All of lore.kernel.org
 help / color / mirror / Atom feed
From: Preeti U Murthy <preeti@linux.vnet.ibm.com>
To: lkp@lists.01.org
Subject: Re: [nohz] 2a16fc93d2c: kernel lockup on idle injection
Date: Tue, 16 Dec 2014 15:06:32 +0530	[thread overview]
Message-ID: <548FFD20.1040102@linux.vnet.ibm.com> (raw)
In-Reply-To: <CAKohpokOuOqvpNt4_y2tHPTM8nKLyEg=-gN4NDe1_mqpy=Vrow@mail.gmail.com>

[-- Attachment #1: Type: text/plain, Size: 4867 bytes --]

On 12/16/2014 10:23 AM, Viresh Kumar wrote:
> + Peter from Jacob's mail ..
> 
> On 16 December 2014 at 05:14, Frederic Weisbecker <fweisbec@gmail.com> wrote:
>> So to summarize: I see it enqueues a timer then it loops on that timer expiration.
>> On that loop we stop the CPU and we expect the timer to fire and wake the thread up.
>> But if the delayed tick fires too early, before the timer actually
>> expires, then we go to sleep again because we haven't yet reached the delay,
>> but since tick_nohz_irq_exit() is only called on idle tasks and not for threads
>> like powerclamp, the tick isn't rescheduled to handle the remaining timer slice
>> so we sleep forever.
> 
> Perfect !!
> 
>> Hence if we really want to stop the tick when we mimic idle from powerclamp driver,
>> we must call tick_nohz_irq_exit() on irq exit to do it correctly.
>>
>> It happened to work by accident before the commit because we were rescheduling the
>> tick from itself without tick_nohz_irq_exit() to cancel anything. And that restored
>> the periodic behaviour necessary to complete the delay.
>>
>> So the above change is rather a hack than a solution.
>>
>> We have several choices:
>>
>> 1) Revert the commit. But this has to be a temporary solution really. Powerclamp has
>> to be fixed and handle tick_nohz_irq_exit().
>>
>> 2) Remove powerclamp tick stop until somebody fixes it to handle nohz properly.
>>
>> 2) Fix it directly. But I believe there is a release that is going to miss the fix
>> and suffer the regression. Does the regression matter for anybody? Is powerclamp
>> meant for anything else than testing (I have no idea what it's used for)?
>>
>> So to fix powerclamp to handle nohz correctly, tick_nohz_irq_exit() must be called
>> for both idle tasks and powerclamp kthreads. Checking ts->inidle can be a good way to match

As far as I can see, the primary purpose of tick_nohz_irq_enter()/exit()
paths was to take care of *tick stopped* cases.

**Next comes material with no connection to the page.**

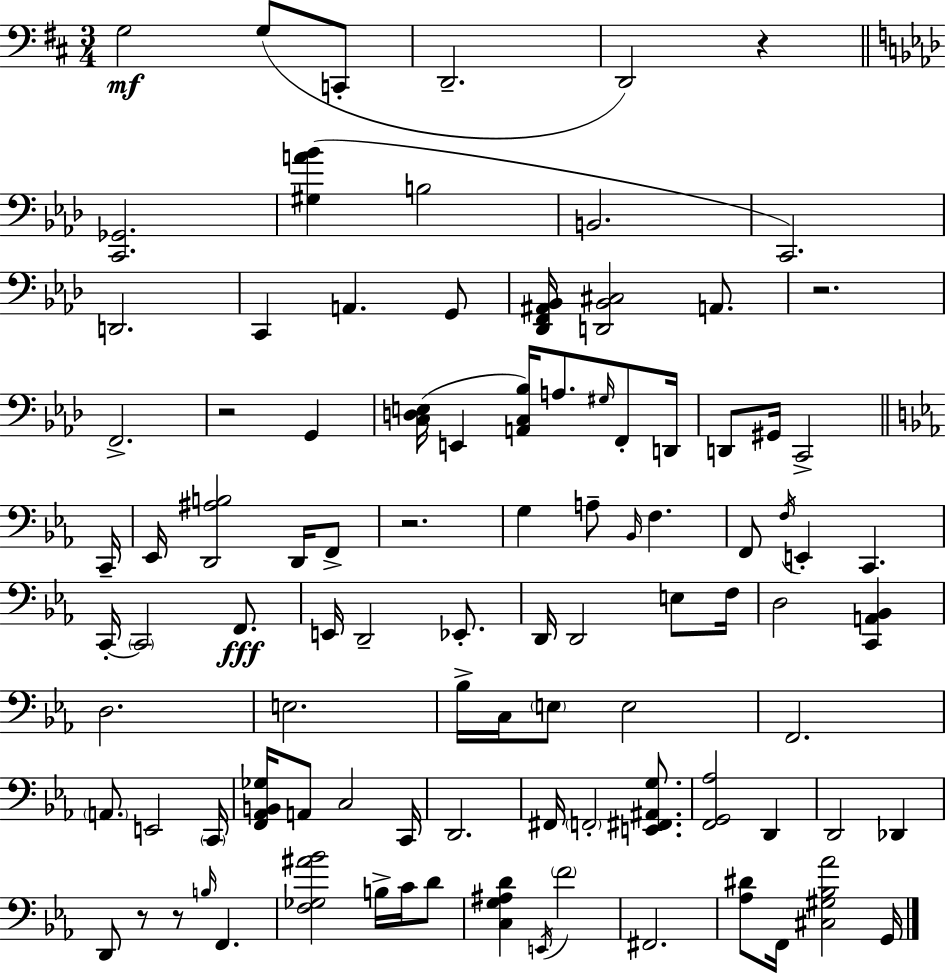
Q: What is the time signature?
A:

Before handling interrupts we would want jiffies to be updated, which is
done in tick_nohz_irq_enter(). And after handling interrupts we need to
verify if any timers/RCU callbacks were queued during an interrupt.
Both of these will not be handled properly
*only when the tick is stopped* right?

If so, the checks which permit entry into these functions should at a
minimum include a check on ts->tick_stopped(). The rest of the checks
around if the CPU is idle/need_resched() may be needed in conjunction,
but will not be complete without checking if ticks are stopped. I see
that tick_nohz_irq_enter() has a check on ts->tick_stopped, which is
correct, but tick_noz_irq_exit() does not.

Adding this check to tick_nohz_irq_exit() will not only solve this
regression but is probably a fix to a long standing bug in the
conditional check in tick_nohz_irq_exit().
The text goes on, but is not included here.